SOON to be released is a road map for the Philippine’s automotive industry as the government finds measures on how incentives can be given to local car manufacturers without reducing excise taxes.
According to Board of Investments (BOI) Executive Director Lucita Reyes in a recent press, the government is holding consultations for the road map, which will promote the development of local manufacturing of vehicles.
Moreover, it is strategising to develop local manufacturing as well as make locally produced cars more affordable without reducing the excise taxes imposed on these vehicles.
Whilst, the excise taxes on local cars can help local assemblers but implementation which would still require a legislative measure, said Reyes.
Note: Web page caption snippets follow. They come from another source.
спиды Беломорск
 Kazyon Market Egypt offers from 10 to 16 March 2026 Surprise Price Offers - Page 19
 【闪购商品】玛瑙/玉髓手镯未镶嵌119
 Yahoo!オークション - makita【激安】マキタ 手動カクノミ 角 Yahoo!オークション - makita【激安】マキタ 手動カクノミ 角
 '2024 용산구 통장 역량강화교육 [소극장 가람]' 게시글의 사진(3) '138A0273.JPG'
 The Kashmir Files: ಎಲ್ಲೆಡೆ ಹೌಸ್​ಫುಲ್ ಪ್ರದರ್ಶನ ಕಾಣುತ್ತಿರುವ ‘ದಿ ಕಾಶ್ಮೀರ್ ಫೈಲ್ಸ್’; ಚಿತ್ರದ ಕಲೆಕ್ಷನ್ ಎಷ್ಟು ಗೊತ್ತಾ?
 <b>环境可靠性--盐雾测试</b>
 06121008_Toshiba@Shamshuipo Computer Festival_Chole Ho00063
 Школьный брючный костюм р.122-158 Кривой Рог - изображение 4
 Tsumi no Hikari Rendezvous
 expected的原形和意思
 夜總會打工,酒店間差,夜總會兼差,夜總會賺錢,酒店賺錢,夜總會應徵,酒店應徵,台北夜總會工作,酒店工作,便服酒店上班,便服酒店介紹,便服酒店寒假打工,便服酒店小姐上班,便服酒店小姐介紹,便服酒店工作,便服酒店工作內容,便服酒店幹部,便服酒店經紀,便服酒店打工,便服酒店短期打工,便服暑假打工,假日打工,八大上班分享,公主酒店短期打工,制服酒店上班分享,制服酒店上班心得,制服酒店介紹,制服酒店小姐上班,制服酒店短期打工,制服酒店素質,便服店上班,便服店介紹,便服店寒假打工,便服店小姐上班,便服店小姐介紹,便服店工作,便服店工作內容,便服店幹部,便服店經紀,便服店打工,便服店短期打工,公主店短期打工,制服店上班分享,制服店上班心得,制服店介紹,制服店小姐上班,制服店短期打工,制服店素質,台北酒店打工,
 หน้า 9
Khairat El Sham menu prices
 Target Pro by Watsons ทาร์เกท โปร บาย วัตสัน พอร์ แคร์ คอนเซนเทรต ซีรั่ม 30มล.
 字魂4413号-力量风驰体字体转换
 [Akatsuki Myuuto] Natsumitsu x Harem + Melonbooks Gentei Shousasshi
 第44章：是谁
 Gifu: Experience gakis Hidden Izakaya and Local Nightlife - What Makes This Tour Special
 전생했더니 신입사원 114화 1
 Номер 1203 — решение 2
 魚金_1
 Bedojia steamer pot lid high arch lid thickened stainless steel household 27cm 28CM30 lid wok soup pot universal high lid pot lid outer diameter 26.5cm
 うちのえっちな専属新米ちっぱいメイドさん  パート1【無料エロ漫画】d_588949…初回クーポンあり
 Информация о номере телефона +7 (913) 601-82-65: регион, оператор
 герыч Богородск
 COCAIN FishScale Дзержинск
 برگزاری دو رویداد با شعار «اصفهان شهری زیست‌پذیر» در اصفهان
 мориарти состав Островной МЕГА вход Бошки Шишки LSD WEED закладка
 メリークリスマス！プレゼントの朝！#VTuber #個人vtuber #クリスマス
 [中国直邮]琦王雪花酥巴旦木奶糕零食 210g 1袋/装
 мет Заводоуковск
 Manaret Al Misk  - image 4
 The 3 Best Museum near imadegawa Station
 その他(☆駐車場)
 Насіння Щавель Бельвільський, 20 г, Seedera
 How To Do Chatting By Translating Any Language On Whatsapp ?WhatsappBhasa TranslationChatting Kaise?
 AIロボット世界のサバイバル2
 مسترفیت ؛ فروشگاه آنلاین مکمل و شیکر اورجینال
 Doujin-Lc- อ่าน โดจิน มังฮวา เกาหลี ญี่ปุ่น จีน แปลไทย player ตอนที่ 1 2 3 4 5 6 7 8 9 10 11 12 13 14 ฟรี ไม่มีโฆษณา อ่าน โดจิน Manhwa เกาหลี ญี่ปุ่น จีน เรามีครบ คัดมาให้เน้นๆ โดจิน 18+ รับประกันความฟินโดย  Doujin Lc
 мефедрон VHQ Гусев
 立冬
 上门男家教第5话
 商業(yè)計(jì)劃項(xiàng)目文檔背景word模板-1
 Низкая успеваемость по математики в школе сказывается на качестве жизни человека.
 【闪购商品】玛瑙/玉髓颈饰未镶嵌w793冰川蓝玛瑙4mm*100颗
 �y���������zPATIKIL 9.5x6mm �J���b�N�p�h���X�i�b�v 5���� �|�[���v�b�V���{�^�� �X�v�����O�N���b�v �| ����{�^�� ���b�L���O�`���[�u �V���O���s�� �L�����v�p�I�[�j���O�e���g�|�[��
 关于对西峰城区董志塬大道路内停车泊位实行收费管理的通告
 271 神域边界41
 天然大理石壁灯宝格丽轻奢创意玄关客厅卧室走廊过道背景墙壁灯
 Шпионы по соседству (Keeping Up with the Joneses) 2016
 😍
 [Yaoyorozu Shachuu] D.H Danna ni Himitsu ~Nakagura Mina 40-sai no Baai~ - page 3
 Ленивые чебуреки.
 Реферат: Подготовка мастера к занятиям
The director also cited that refleeting of vehicles that are 10 years and above may be considered in place of lowering the excise taxes, and such move could boost the market for new local cars. She said that an estimated 1.7 million of the total 3.1 million vehicles registered with the Land Transportation Office (LTO) are more than 10 years old.
The use of new technology or the manufacture of alternative fuel vehicles is also being studied and included in the Investment Priorities Plan.
She added that the government is keen to developing the local manufacture of cars as it contributes to the economy by providing direct employment to some 868,000 individuals.
Last year, more imported cars were sold in the country compared to those locally produced with the ratio at 52:48; one of the reasons that volume of imported cars are bigger than those that are locally produced are the small market for vehicles and fewer available parts and components, she said.
The Chamber of Automotive Manufacturers of the Philippines Inc. (CAMPI) and the Association of Vehicle Importers and Distributors, Inc. (AVID) are also actively promoting the local auto industry; both organisations expressing optimism for the industry this year.
CAMPI President Rommel Gutierrez said that optimism is building up especially since the government is looking after the after the CKD (completely knocked down) and CBU (completely built units) sectors, adding that total industry sales are expected to rise 10% percent this year from last year, due to the country’s favourable economic condition.
Last year, there were 184,248 units sold with total vehicle sales posted an 11.6% increase from 2011 due to the strong demand for both passenger cars and commercial vehicles, according to data from AVID and CAMPI.